=== Given records ===
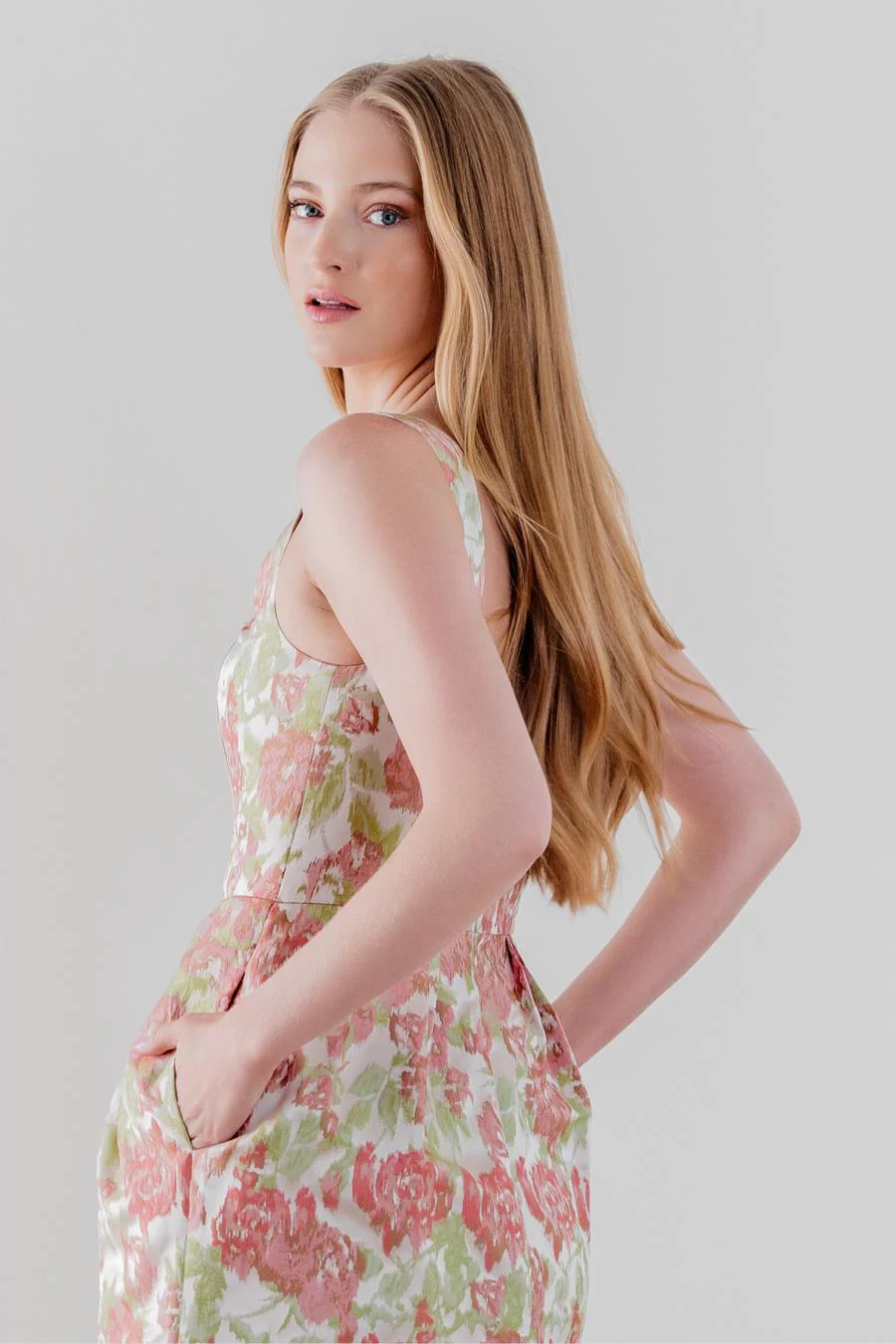 By Watters Evening Style Seaside in Garden Party Brocade - Image 4
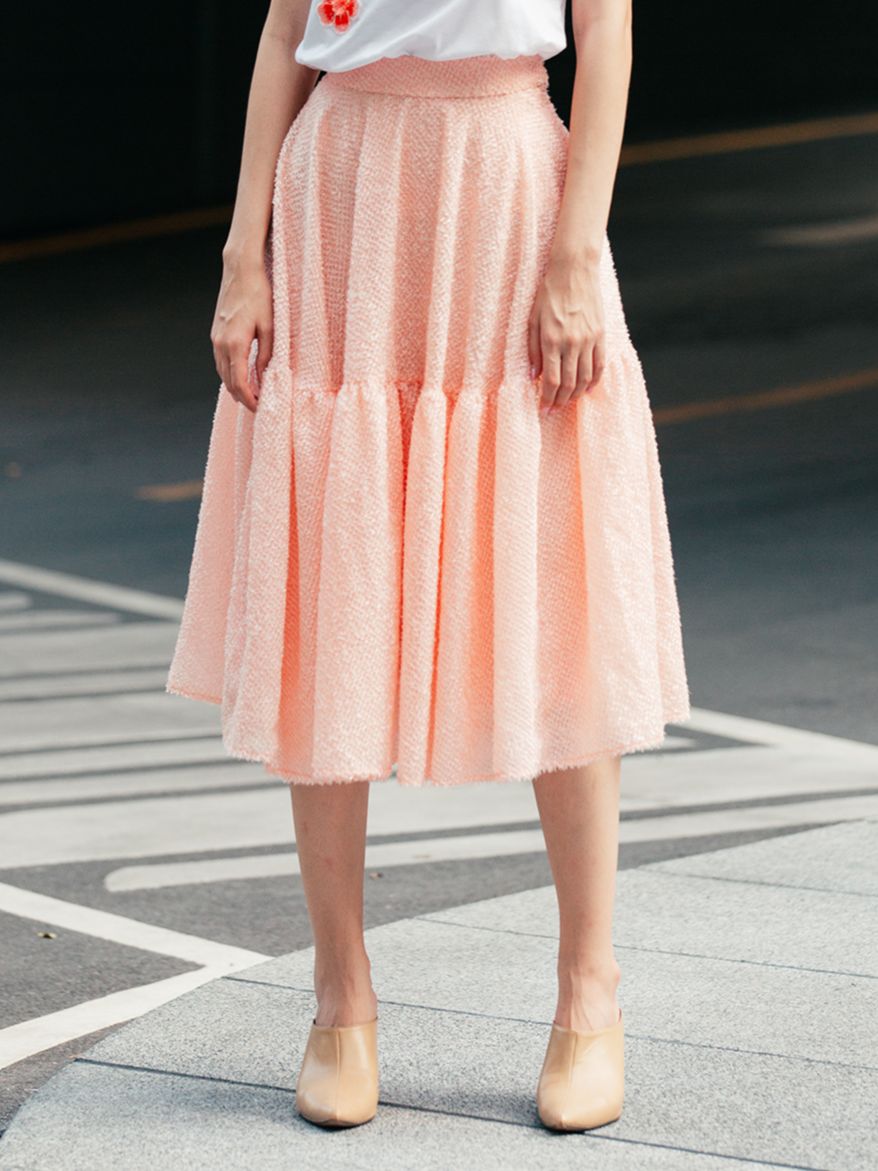 iCONiC PEACH REFEL SKIRT #4802 กระโปรง ผ้าไหมชีฟอง เนื้อผ้าแต่งขนพู่ กระโปรงลูกไม้ กระโปรงบาน กระโปรงแฟชั่น กระโปรงทำงาน กระโปรงออกงาน ราคา 3,471 บาท*ส่งฟรี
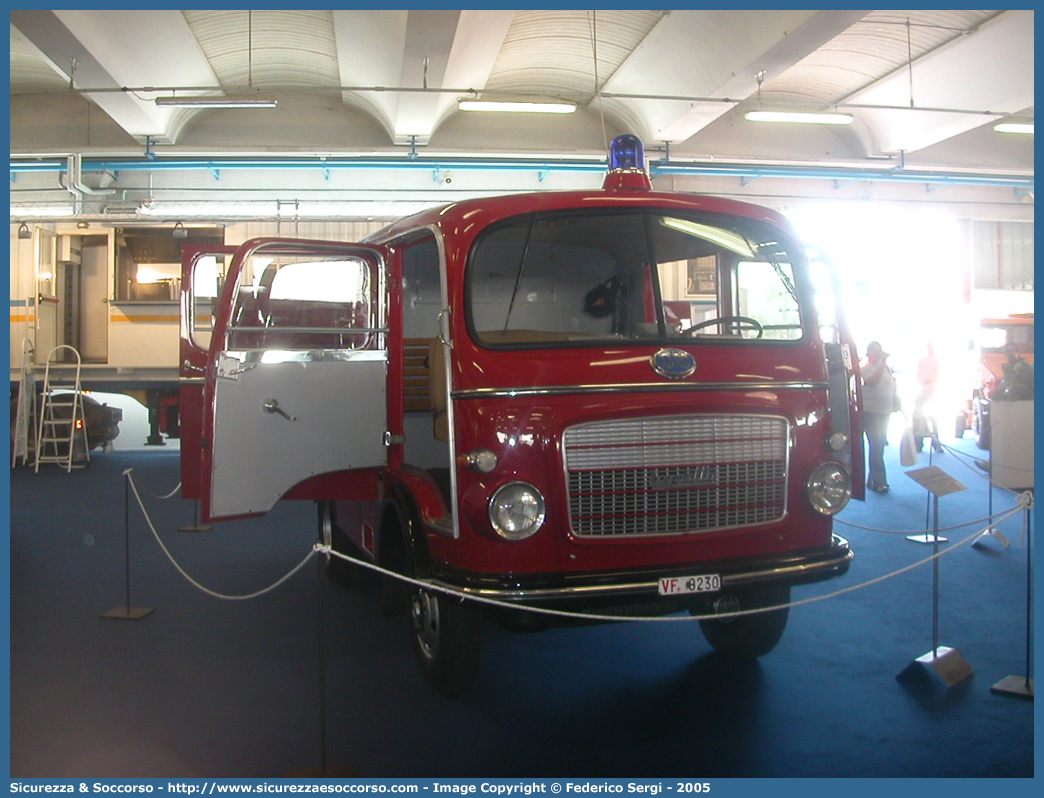 VF 9230
Corpo Nazionale Vigili del Fuoco
OM Lupetto
Parole chiave: VVF;V.V.F.;Corpo;Nazionale;Vigili;del;Fuoco;AutoPompaSerbatoio;APS;A.P.S.;OM;Lupetto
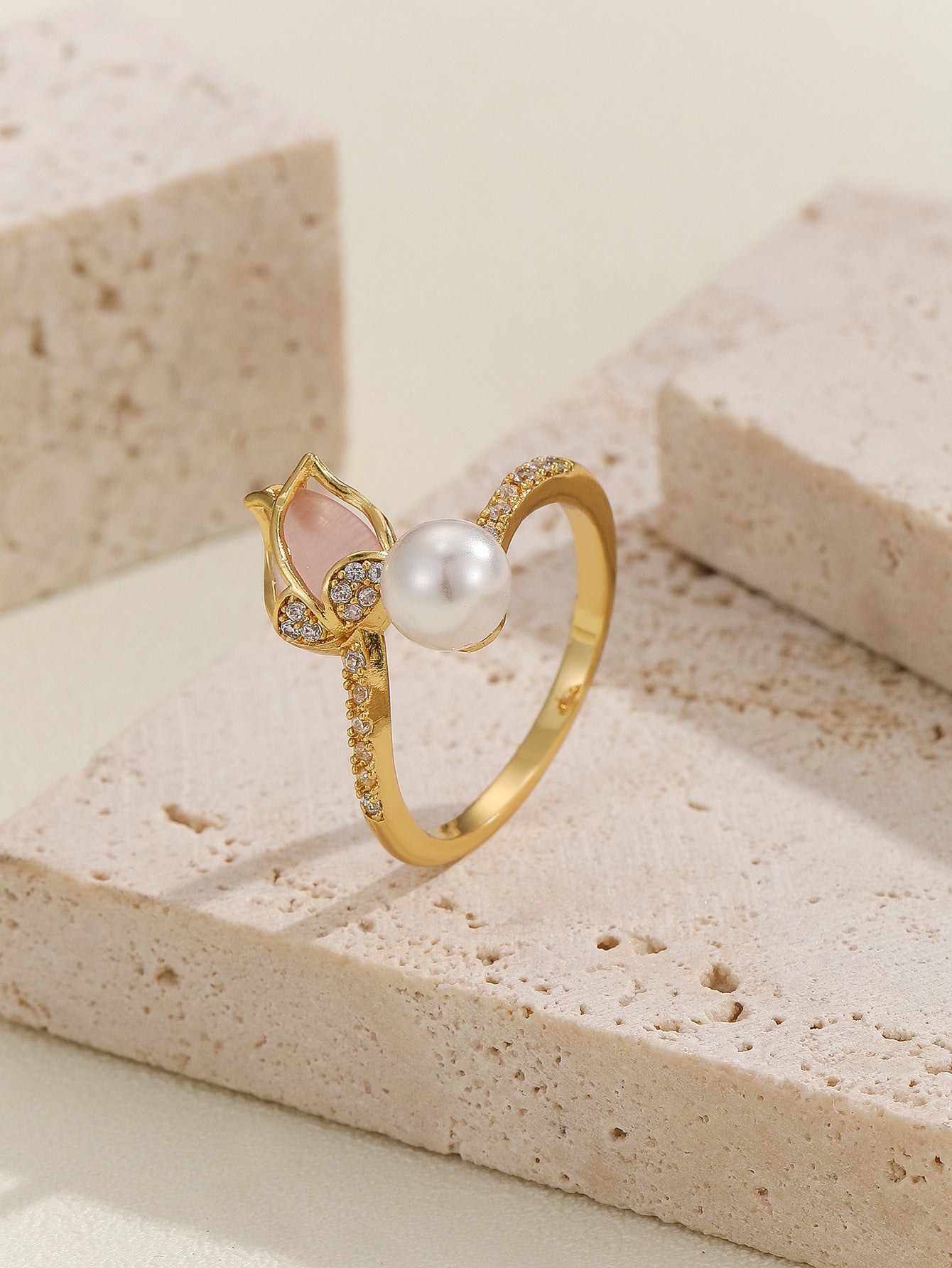 Damen Eleganter Ring mit Blumenmotiv und Perle Shop Nory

=== Description of the task ===
Exclude images and repeat all entries exactly.

=== Task response ===
 By Watters Evening Style Seaside in Garden Party Brocade - Image 4
 iCONiC PEACH REFEL SKIRT #4802 กระโปรง ผ้าไหมชีฟอง เนื้อผ้าแต่งขนพู่ กระโปรงลูกไม้ กระโปรงบาน กระโปรงแฟชั่น กระโปรงทำงาน กระโปรงออกงาน ราคา 3,471 บาท*ส่งฟรี
 VF 9230
Corpo Nazionale Vigili del Fuoco
OM Lupetto
Parole chiave: VVF;V.V.F.;Corpo;Nazionale;Vigili;del;Fuoco;AutoPompaSerbatoio;APS;A.P.S.;OM;Lupetto
 Damen Eleganter Ring mit Blumenmotiv und Perle Shop Nory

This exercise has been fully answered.